You may never have heard about it, but your credit rating can actually have an impact on your job prospects. It isn’t always an issue, of course, yet it’s something you shouldn’t overlook if you’re having difficulty finding work and want to rule out as many causes as you can. In this post, we’re going to expand upon why your credit score matters when it comes to potential employers, and offer some tips for how you can work on it. Let’s get started.
Why do employers want to check your credit rating?
There are two main reasons why prospective employers sometimes want to check the credit ratings of their potential hires:
- The roles are financial in nature. If you’re set upon a career path that involves financial management, your personal finances will understandably be of interest to your prospective employers. Someone who claims to be excellent at balancing accounts to avoid debt but has a terrible credit rating will obviously be highly questionable.
- They want to gauge responsibility. It’s something of an overreach, but it’s not unknown for companies that want to hire people who are generally diligent and responsible to check their credit ratings. Those with good credit ratings can more easily be trusted to be professional at all times and look after themselves.
The reasoning isn’t always good, but remember that job candidates represent possible investments for employers, and investments need to be chosen extremely carefully.
Do they need your permission to proceed?
This depends on what type of check is desired, as there are two varieties. There are soft credit checks which check your credit report, gleaning the same information you can see when you check your credit. These checks don’t mean much and omit your credit scores plus any information that could be used against you unlawfully, such as your marital status or birth date.
Though they probably should, businesses aren’t technically required to get your permission before carrying out soft credit checks. Thankfully, those checks won’t significantly affect your credit rating: you may even see hundreds of them build up from potential lenders eager to get in touch with you so they can try to lend you more money.
More significantly, there are hard credit checks that really dig into your details including your credit rating. These do require your permission to take place, so they stay on your credit record for quite some time, and getting many of them quite quickly will be viewed as a sign that you’re desperate and managing your money poorly, leading to a decline in your credit rating.
You can review both check types on your account, and request to have unauthorized checks removed if prospective employers (or lenders) have somehow carried out hard checks without your permission (these checks can stay on your account for two years otherwise).
What if you don’t have a credit rating?
You might think to avoid the problem of bad credit by never building up a credit rating at all, but this isn’t an effective solution in most cases.
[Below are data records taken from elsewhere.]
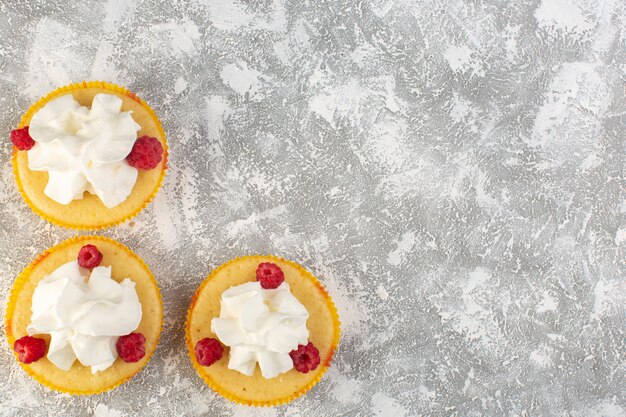 Top view cakes with cream yummy baked designed with raspberry on the grey background sweet bake biscuit cream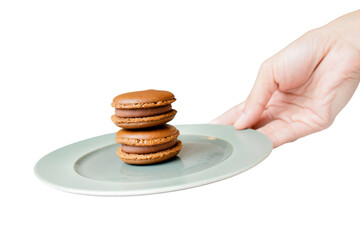 Chocolate Macarons on Plate: A stack of two elegant chocolate macarons sits perfectly poised on a...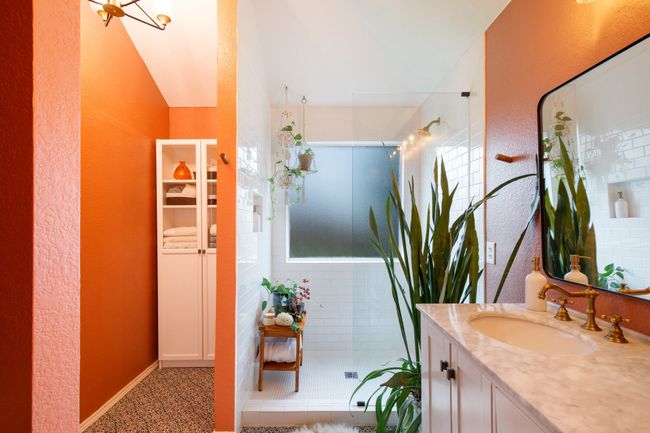 Bathroom featuring vanity, a tile shower, and a textured wall | Image 15
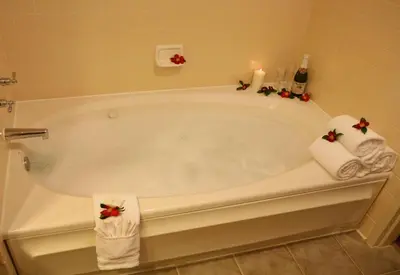 a bathroom with a bath tub with towels on it at Rocklin Park Hotel, Trademark Collection by Wyndham in Rocklin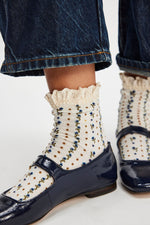 Free People Rosebud Waffle Knit Ankle socks in ivory with floral print and ruffled lace cuff, worn with navy patent loafers and cuffed denim.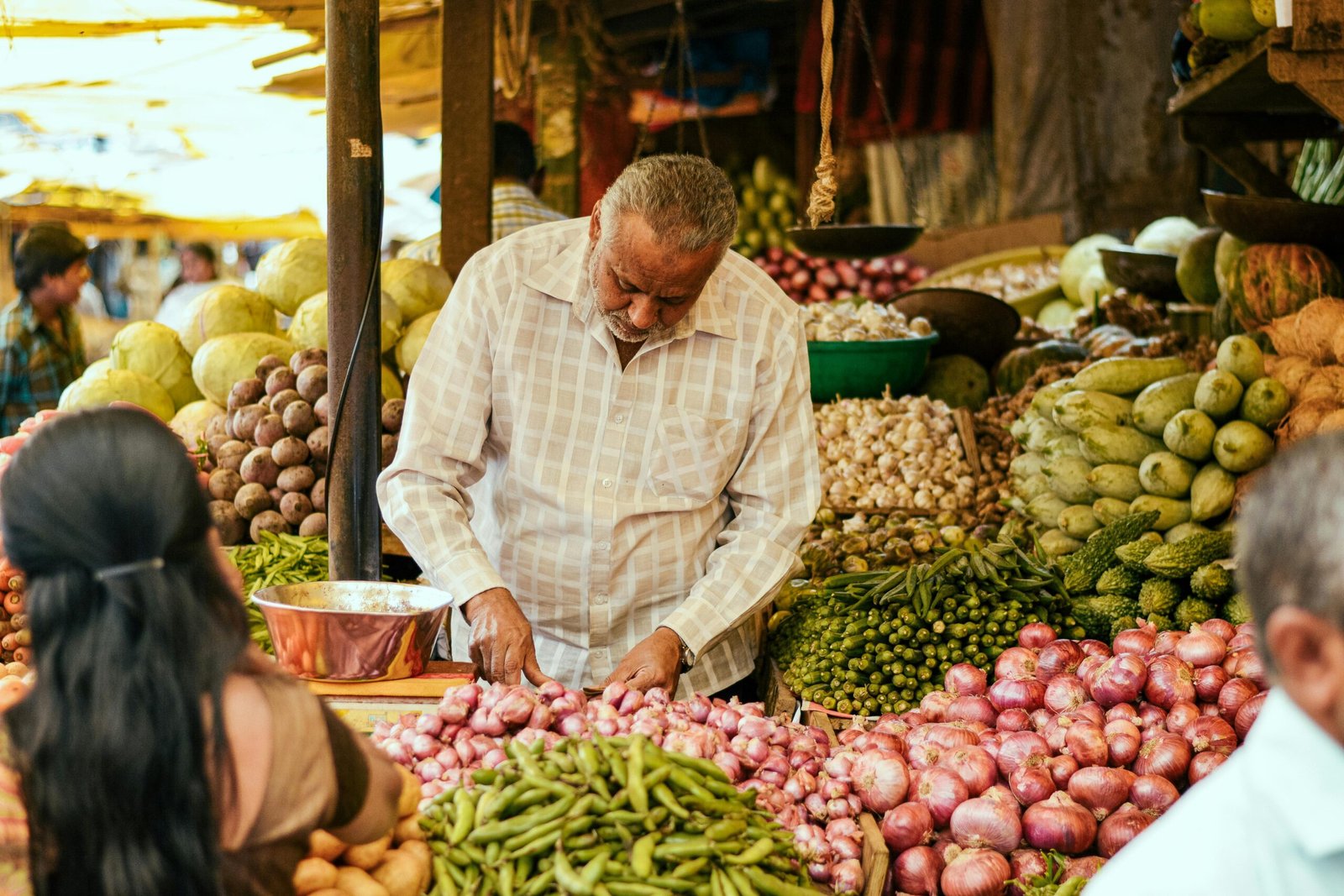 A senior male vendor organizing a colorful array of fresh produce in a bustling outdoor market.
The point is to demonstrate that you can borrow money and pay it back promptly, and never borrowing any money proves little. Due to this, the smart thing to do is apply for credit card services from a reputable provider.
Note that cards from many smaller credit brokers are ultimately issued and funded by bigger companies (credit cards from The Post Office, for instance, are backed by Capital One), meaning that you don’t have to go with the biggest provider you can find if you’d rather go elsewhere. And once you have your card, you don’t need to use it to borrow heavily. Just go into your credit when you already have the money to pay it, then pay it back extremely quickly. Soon enough you’ll have a positive credit rating, with no real risk of encountering problems.
How can you deal with a weak credit rating?
So what if you already have a credit rating and it isn’t very good? Maybe you handled your finances poorly before, or maybe you just ran into financial problems. Either way, you’re stuck worrying if your prospective employers are ruling you out as a candidate because of your messy financial situation. There are two things you can do in this situation:
- Provide a good reason for your credit situation. A bad credit rating isn’t always a sign that you don’t know how to manage your finances. Sometimes it’s the simple result of extreme misfortune. If there are extenuating circumstances, let your prospective employers know about them, and they may well put less stock in your rating.
- Work on making it better for future opportunities. It’s simple enough to improve your credit rating, though not necessarily easy: just use credit and pay it back promptly. When you can’t afford to do that, avoid using credit altogether. Just a few simple changes can improve your rating in a matter of months.
Wrapping up, then, most prospective employers won’t bother looking into your credit situation, but it can happen if you’re looking for a job in the financial industry (or come across a particularly discerning company). This is just one more reason why you should be keeping your credit rating in good condition.